> [Task objective]:
Repeat each line of the material below exactly as it appears, minus any pictures.
Top of Information shown
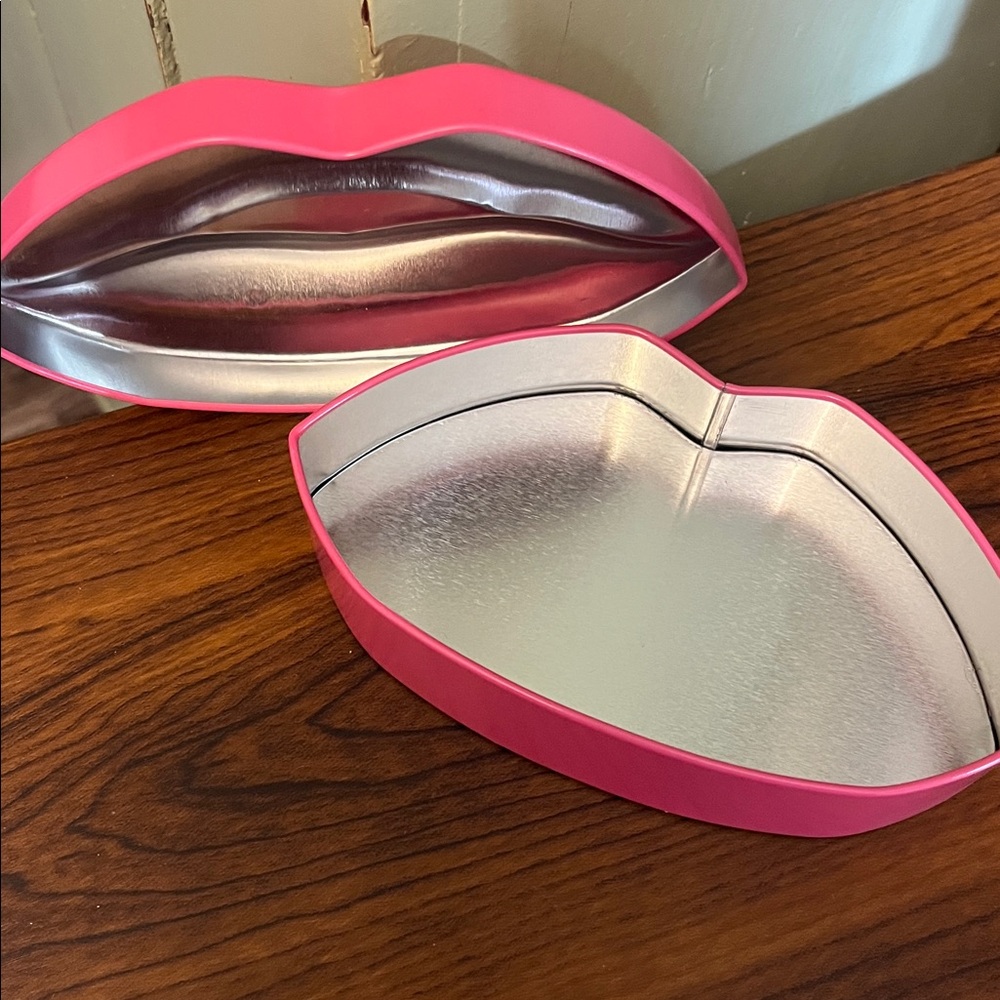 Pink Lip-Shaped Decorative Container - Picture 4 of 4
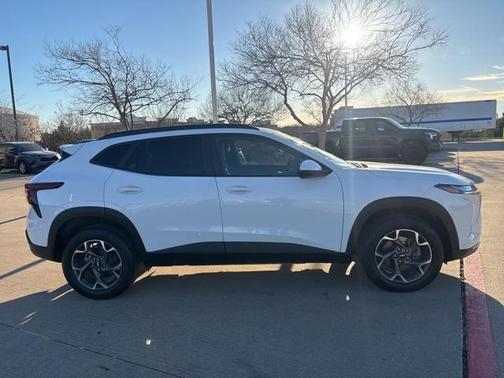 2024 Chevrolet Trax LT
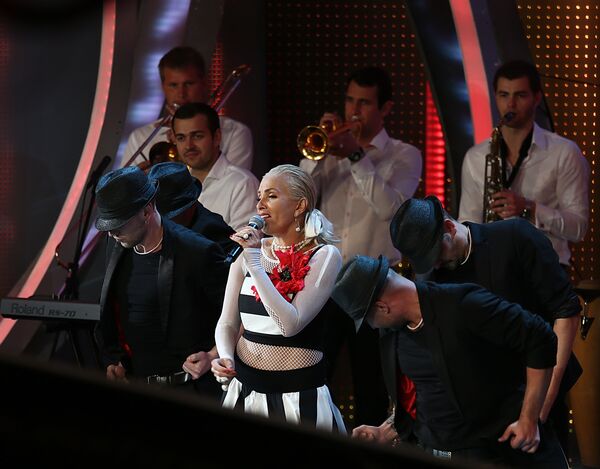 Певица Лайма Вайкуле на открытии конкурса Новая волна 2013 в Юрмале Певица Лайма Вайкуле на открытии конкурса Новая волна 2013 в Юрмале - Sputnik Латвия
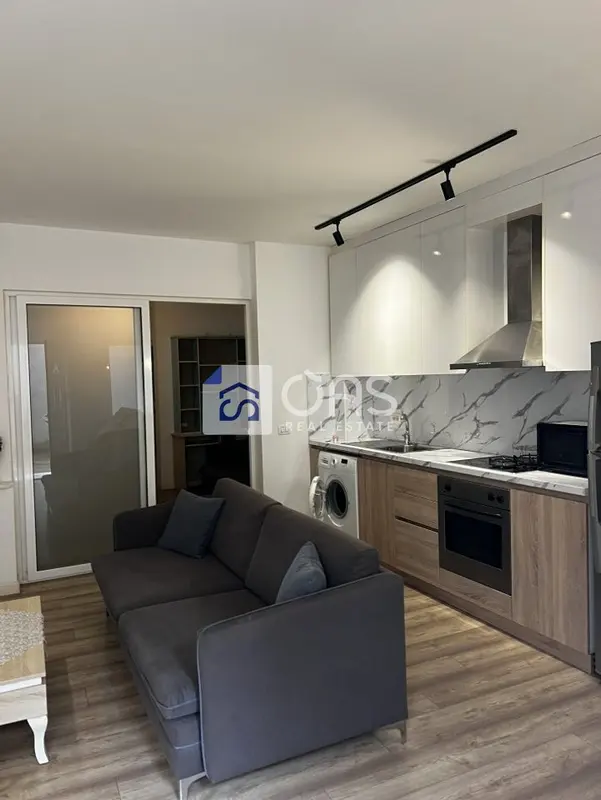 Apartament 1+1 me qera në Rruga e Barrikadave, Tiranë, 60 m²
Bottom of Information shown
> [Written answer]:
 Pink Lip-Shaped Decorative Container - Picture 4 of 4
 2024 Chevrolet Trax LT
 Певица Лайма Вайкуле на открытии конкурса Новая волна 2013 в Юрмале Певица Лайма Вайкуле на открытии конкурса Новая волна 2013 в Юрмале - Sputnik Латвия
 Apartament 1+1 me qera në Rruga e Barrikadave, Tiranë, 60 m²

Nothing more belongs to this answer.